The story goes on - I did lots of research to discover the full names of the makers, culminating in a gallery exhibition featuring the Tantallon quilt and my own creative response to it. The show was reviewed and received a fair bit of attention from the media. An article about it was published in The Craft Factor magazine and re-printed in Craft, Perception and Practice, Volume II.
What was incredible to me was that on the day of the opening, a bitterly cold prairie winter day, carloads of the descendants of the Homemakers traveled for two or three hours to come see the quilt. People wanted to have their picture taken with it; buttonholed me to tell me stories of their mother or their aunt who had worked on it; reminisced about the town and the old buildings that were no longer standing, but preserved in the pastel threads of the quilt. It was clear that this quilt was very meaningful to these people, but it also garnered a powerful response from people of 12 other Saskatchewan towns to which the exhibition eventually toured.
The story contained in the quilt, and my contribution of honouring the makers by "signing" it, evoked many emotions and memories of a period in history which was only half a century past. Still, given a few more years of languishing in an acid-free tissue lined drawer in a temperature and humidity controlled room, and that quilt could have been totally cut off from the people who made it and the community that had fostered it. It would have been simply a charming artifact of simpler times.

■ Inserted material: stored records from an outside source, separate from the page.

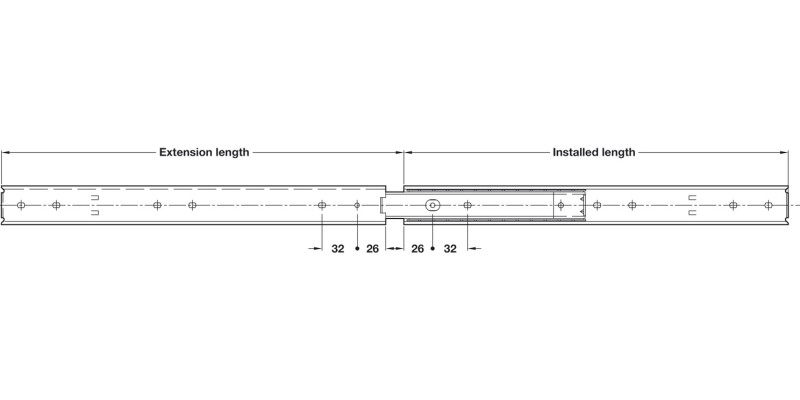 DS3031 BB Drawer Runner Full 75kg 400mm HGSS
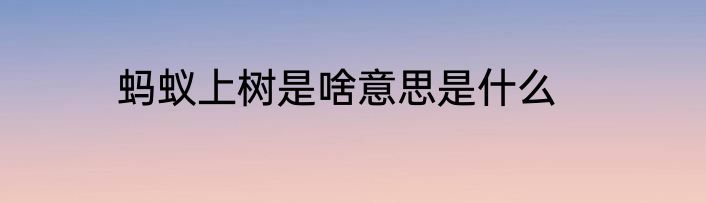 蚂蚁上树是啥意思是什么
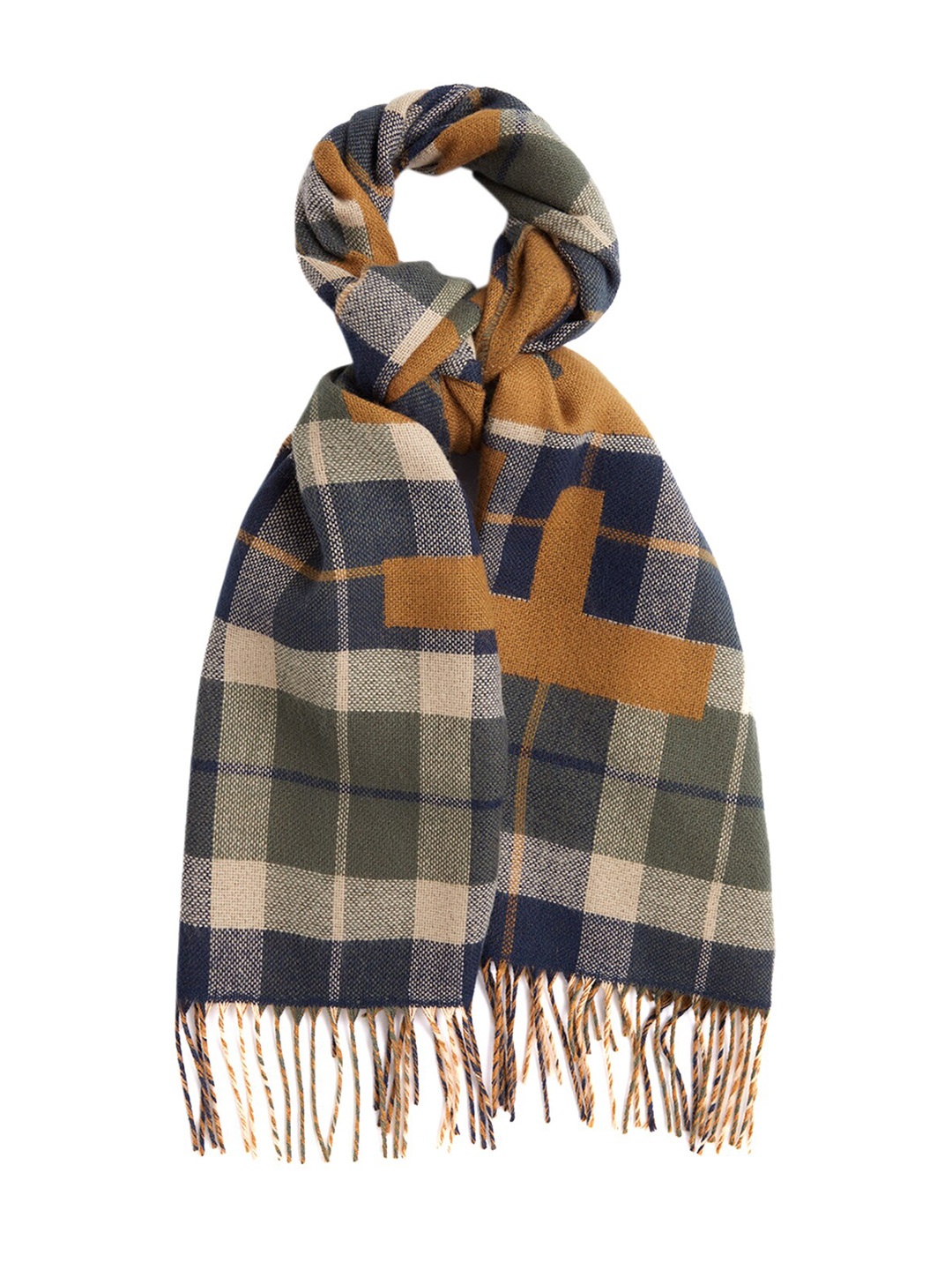 

Fred Perry Men Jacquard Wool Checked Tasseled Scarf, Brown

All of this is a rather long winded introduction to my current project. I have been asked to participate in making a quilt honouring one of this island's matriarchs who has just celebrated her 80th birthday. Many of the women (and one man) of this community have contributed a square, either embroidered or pieced, with an image that connects them to Pat. As Pat has lived here all her life, this quilt is also a history of this place.
I'm not going to let what almost happened to the Tantallon quilt happen to this one. I will be assiduously documenting each aspect of the making of this quilt and the people involved. What I hope will emerge will be a story in cloth and a story in words of a very unique, eccentric and beautiful island perched on the north west edge of North America.
(Sorry for the dodgy images but I had to photograph them from the pages of a magazine, so they have those little dots all over. C'est la vie.)